Harry Blumsack7 min read

Software security solved the speed-quality gap with shift left. Medtech is at the same inflection point, and the infrastructure to do something about it finally exists.

Shifting medtech compliance left: Lessons from the cybersecurity industry

Not too long ago, software security looked a lot like medtech compliance does today. Security was done at the end of the development process. Not by design, but by default. The product was built, then handed off to the security team for review. By the time issues surfaced, features were fully built. Engineers would have to go back in, and timelines slipped. Everyone in the industry knew this pattern was broken, but nobody had the fix.
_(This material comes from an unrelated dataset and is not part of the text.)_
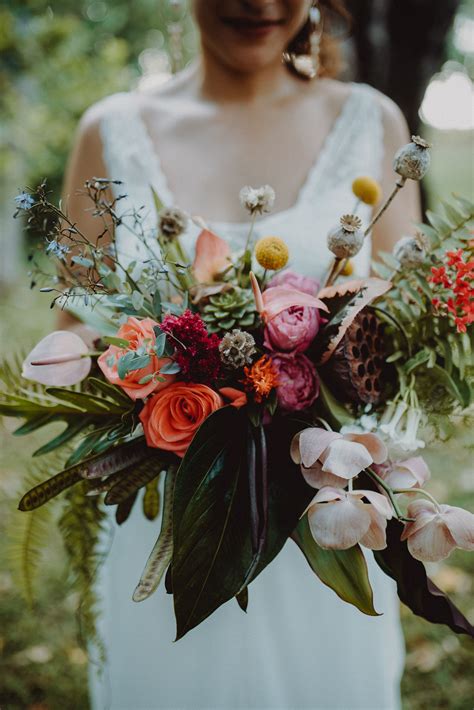 Bright, beautiful blooms bring any event to life. Boho tropical wedding bouquet | Tropical wedding bouquets ...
The acceleration of software development and the security gap it created

In the early 2010s, a few things converged. Amazon, Google, and Facebook were competing for users in real time, and the companies that could ship a feature, measure how it performed, and iterate fastest were pulling ahead. Amazon had spent years and enormous capital building the infrastructure to operate at that pace, and in 2006 turned it into a product anyone could rent. AWS made Amazon's advantage, speed to market, accessible to companies that couldn't afford to build it themselves.

Companies like Flickr, Etsy, and Netflix jumped on what that unlocked as soon as it became available. Etsy went from deploying code twice a week to over fifty times a day. The movement that emerged came to be called DevOps, built around the idea that development and operations shouldn't be two separate worlds, and that the wall between them was a bottleneck to be dismantled. Security, however, wasn't part of this change.

Security was still a separate team, sitting at the end of the pipeline, expecting weeks of runway that development was no longer providing. Vulnerabilities were making it into production faster than they could be caught. The end-of-cycle security model had been designed for an earlier era's pace.

How software solved the speed-security problem

The answer the industry landed on was Shift Left: moving security checks earlier in the development process, into the design phase, the sprint, and the tools engineers were already using. A practice called DevSecOps (development, security, and operations unified into a single continuous workflow) was built around making that integration operational. Security stopped being a final gate and became a continuous thread.

Medtech compliance is at a similar inflection point now, the pressure coming from AI-enabled devices, SaMD, design and manufacturing capabilities that are advancing faster than ever, and a pace of development that medtech's compliance infrastructure wasn't built to track. A device's algorithm can update every few weeks; the compliance processes built around it were designed for products that changed once every few years. The prescription for medtech is the same one software security landed on: move compliance earlier, into the decisions being made during development, not the documentation sprint that follows them.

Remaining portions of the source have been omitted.